● **Input records**
--- --- ---

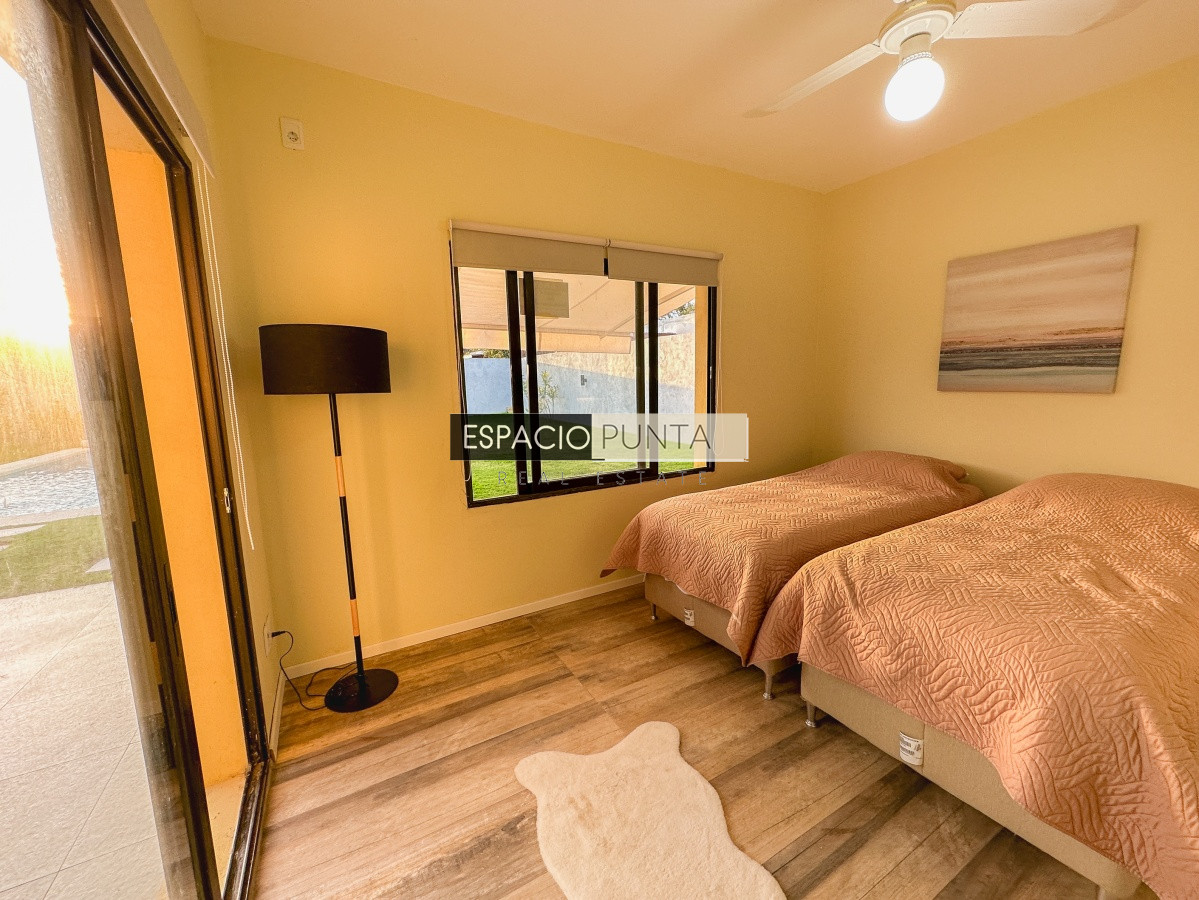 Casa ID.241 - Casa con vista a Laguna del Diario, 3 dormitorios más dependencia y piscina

--- --- ---

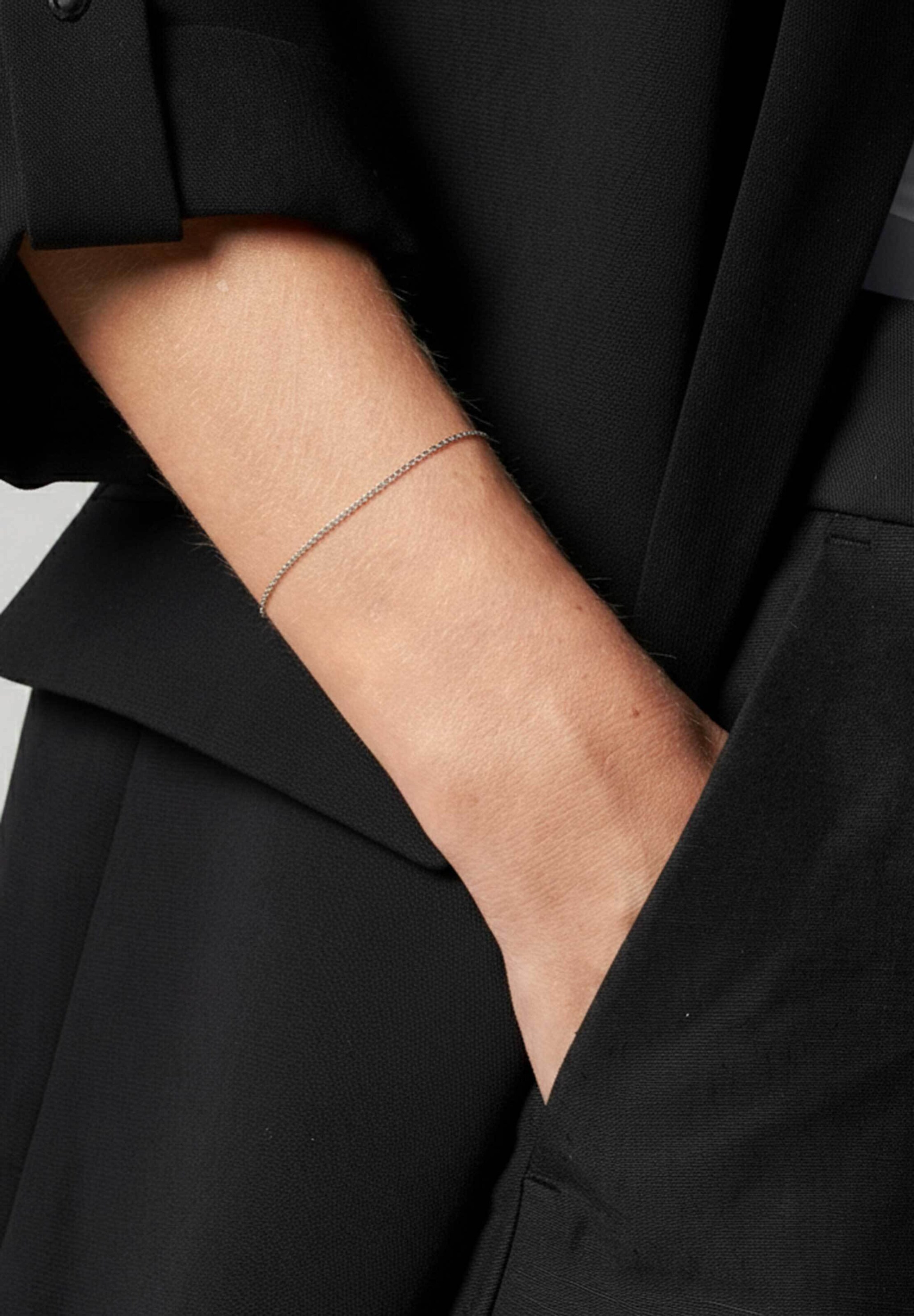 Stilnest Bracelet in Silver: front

--- --- ---

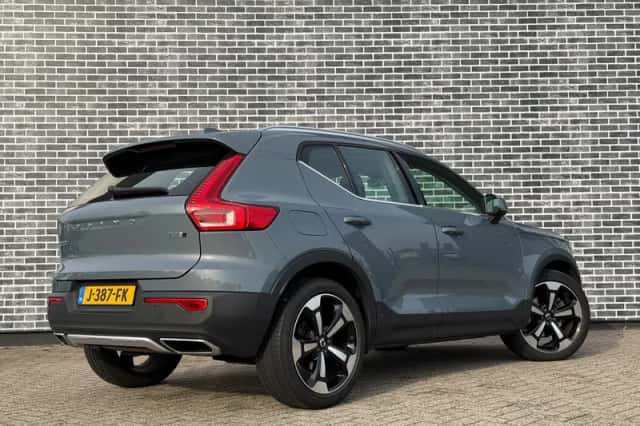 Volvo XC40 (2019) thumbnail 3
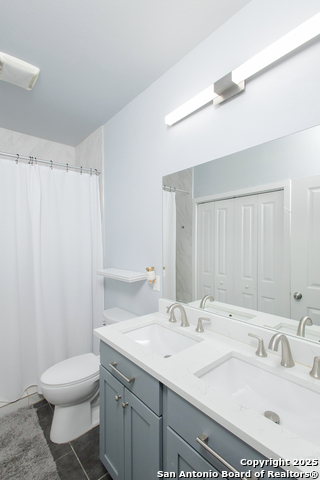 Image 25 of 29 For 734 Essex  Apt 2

--- --- ---

● **Work request**
Would you output the lines above from the line holding "Volvo XC40 (2019) thumbnail 3" up to and including the line holding "Image 25 of", exactly and only those, with no pictures?

● **Task answer**
 Volvo XC40 (2019) thumbnail 3
 Image 25 of 29 For 734 Essex  Apt 2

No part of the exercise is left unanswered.